2020…What a year, the pandemic brought us a new normal, a normal that as a creative, arts lover and secret Hip-Hop mosh pit head, I really found hard accept. The absence of live music and productions has been the most difficult thing for many of us, and also a testament to the positive influence the arts has on our well-being.
As a day one supporter of Breakin’ Convention, the powerhouse behind the hip-hop theatre revolution and all of the work produced by artistic director Jonzi D, the cancelled shows and our favourite annual park jam were amongst some of our most missed events of 2020. So when we came to know that there was going to be a very special ‘Social DisDancing’ edition, an actual LIVE show, we knew there was no way we could miss this.
Breakin’ Convention has always brought us the feels, empowering us through innovative and inspiring dance, it is a strong part of Hip-Hop culture, and since 2004 has been providing incredible dancers with a platform to express and create.
Walking into the Sadlers Wells theatre for ‘Social Disdancing’ felt like a part of me had been restored, yes we now have restaurants and shops open, but the missing part of my world was being able to walk into a venue and be transformed into a whole new artistic dimension. Though things were slightly different, masked up, fewer seats, and a lot of empty space…ironically with the social distance setting I had never felt closer to those on stage than any time before.
The show opened with a powerful monologue from Jonzi D, speaking on the events of 2020 we felt how at home he was on that stage and his presence alone set the tone for the rest of the show.
First on the stage was a piece by A.I.M Collective, an all-female popping group.

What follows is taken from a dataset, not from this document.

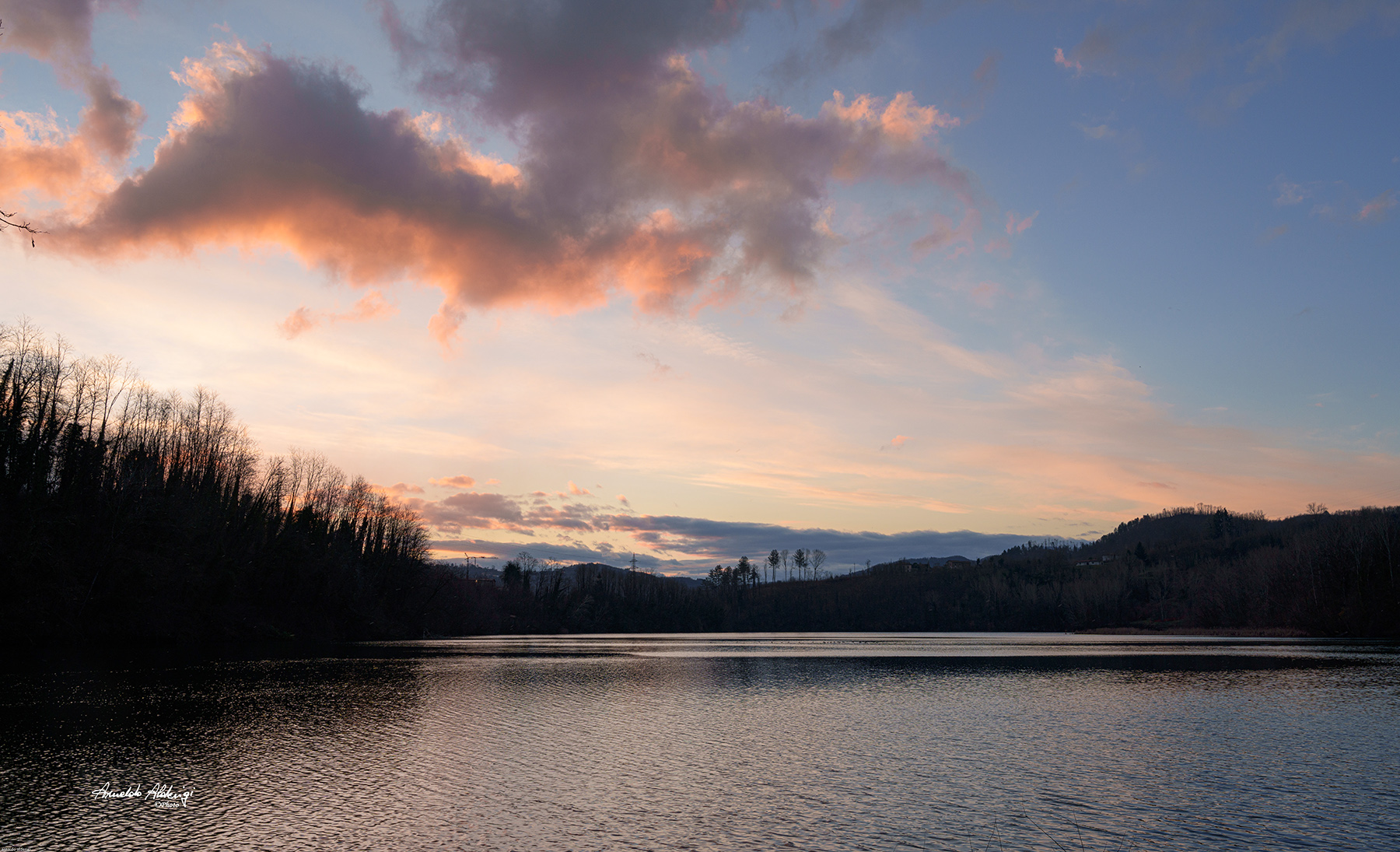 Verso l'alba sul lago..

Entitled Suspended, it explored the feeling of being standstill, stuck on your thoughts until you eventually find the resilience to stand tall. Illustrated with slow movement to ‘Fire Fly’ by J‑E-T‑S the piece evolved into a 80s soul jam as we were treated to a brighter more uplifting movement to Cheryl Lynn’s Encore.
The show was a mixture of both film and live dance, the film was to keep us engaged whilst the stage was being disinfected in between acts. We were treated to the powerful visuals from Far From The Norm ‘Can’t Kill us all’, a collaboration from 3 original voices working in hip hop theatre: dance artist Botis Seva, film maker Ben Williams and composer Torben Lars Sylvest. ‘Can’t Kill Us All’ explored the mental state of one man during the lockdown, an emotional watch that takes us on a monotonous journey through the dark, from deterioration to finding peace.
The curtains opened to welcome the second live performance of the evening, a London premier for Birmingham based O’Driscoll Collective, a captivating duet exploring mental health through duality. The performance highlighted just how therapeutic dance is in releasing our inner battles as the duet beautifully embodied the battles within our mind.
The second film of the evening was a very special piece by Jonzi D himself, his directorial debut a reaction to George Floyd’s murder and an ode to Black womanhood ‘Our Bodies Back’. Featuring a piece by acclaimed American poet and performance artist Jessica Care Moore, the film was choreographed and performed by Axelle ‘Ebony’ Munezero in Canada; Bolegue Manuela in Germany and Nafisah Baba in UK. ‘Our Bodies Back’ highlights the realities of racism, and sexual violence whilst honouring the Black lives lost through spoken word and dance.
Breakin’ Convention favourites Boy Blue were the last act of this special evening, ending the show with a larger than life performance. The collective brought to life just exactly what we love about Hip-Hop theatre, the empowerment behind break dance, the ability to use movement to act as a voice for the voiceless.
Social Disdancing was our break away from the virtual world, all the zooms and the online festivals. The power of dance came to life accompanied with sound and beautiful soft lighting throughout. Through movement and imagery, we were home, back to the heart of Breakin’ Convention, a celebration of live Hip-Hop theatre away from the outside world that is so far away from our normal.